EXERCISE REQUIREMENTS>
Word for word, please restate the line that contains "Mocasín de ante" and all lines after it through the end of the material, minus the pictures.

THE DATA>
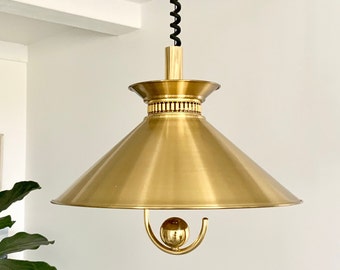 Vintage Danish brass alloy "rise and fall" ceiling pendant lamp / hanging light. Scandinavian design.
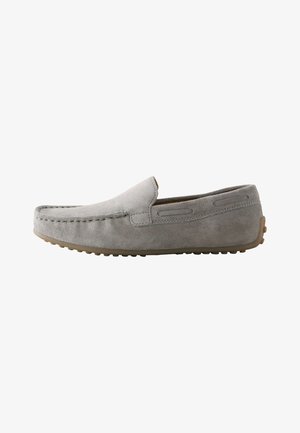 Mocasín de ante gris claro sin cordones con costura moc toe y suela de goma con clavos, visto de lado sobre fondo blanco.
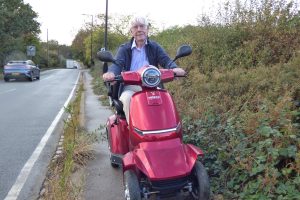 Hugh Small on his mobility scooter in Hadley Road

EXERCISE SOLUTION>
 Mocasín de ante gris claro sin cordones con costura moc toe y suela de goma con clavos, visto de lado sobre fondo blanco.
 Hugh Small on his mobility scooter in Hadley Road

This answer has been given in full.